The blisters caused by labial herpes are commonly called fever blisters or cold sores, because they are more likely to appear when a person with herpes simplex already has an infection from another source, such as the upper respiratory tract infection that often accompanies a cold. An outbreak begins with tingling or redness of an area on the lips or on the border between the lips and face. Next, small, round blisters form and remain for up to three weeks. Labial herpes, as well as any herpes simplex infection, is passed through skin-to-skin contact with an infected individual, or contact between the skin and the virus itself. Herpes simplex is most often contracted when the person carrying the virus is having an outbreak, which begins before the appearance of blisters.

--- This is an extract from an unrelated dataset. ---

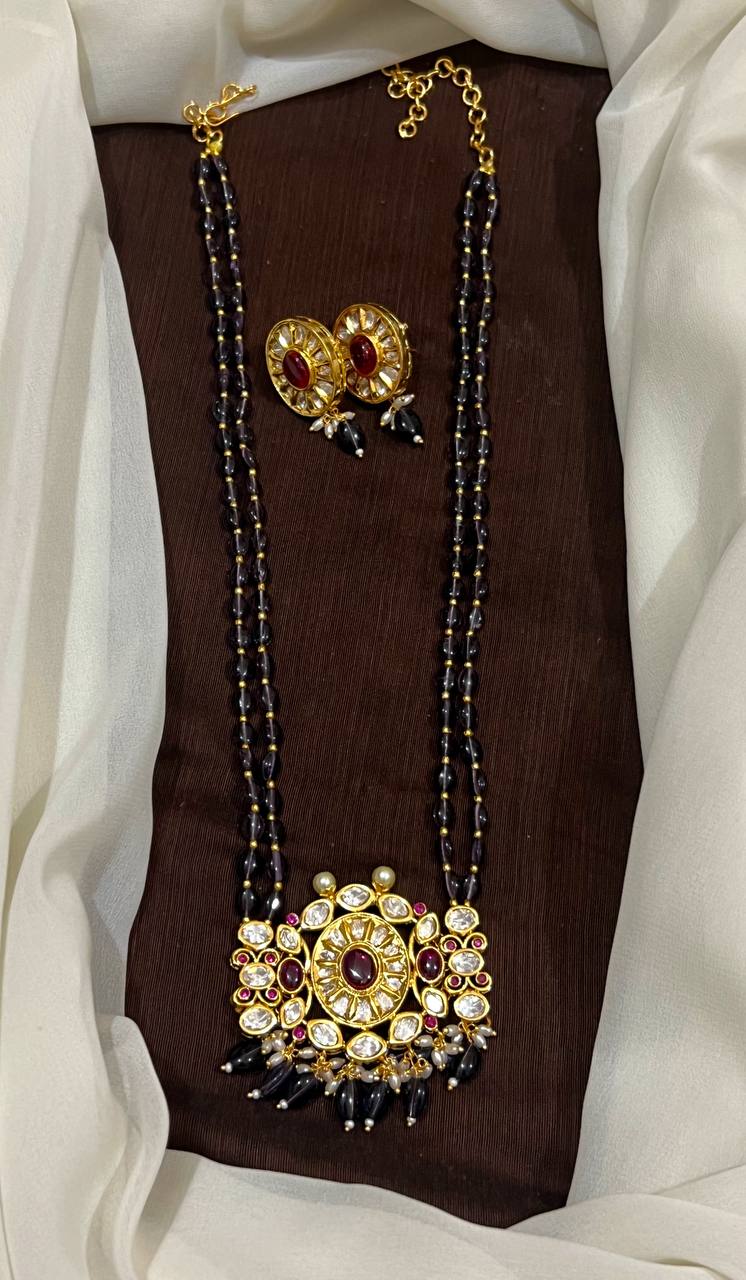 Amethyst Beads Haram WIth Polki Kundan Pendant  - PB00510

Labial herpes is often accompanied by herpes symptoms elsewhere on the face or mouth. If it affects both the face and mouth, the condition is called orofacial herpes. Herpes of the mouth may be called herpetic stomatitis. In addition to labial herpes, herpetic stomatitis is characterized by gingivostomatitis or inflammation of the cheeks and gums, as well as sores or lesions inside the mouth. Other possible symptoms include difficulty swallowing, pharyngitis or sore throat, swollen lymph nodes, and glandular fever.
There are two species of herpes simplex virus. Herpes simplex virus I is most often responsible for labial herpes, though cases have been caused by herpes simplex virus II as well. Herpes simplex virus II is more often associated with genital herpes, which causes similar symptoms to labial herpes, but on the genitals, and is transmitted through sexual contact. It is possible for both types of herpes to be contracted through oral-genital contact. However, if a person has a history of labial herpes caused by herpes simplex virus I, he or she has formed antibodies that will prevent other infections, such as genital infections, caused by the same herpes simplex virus species.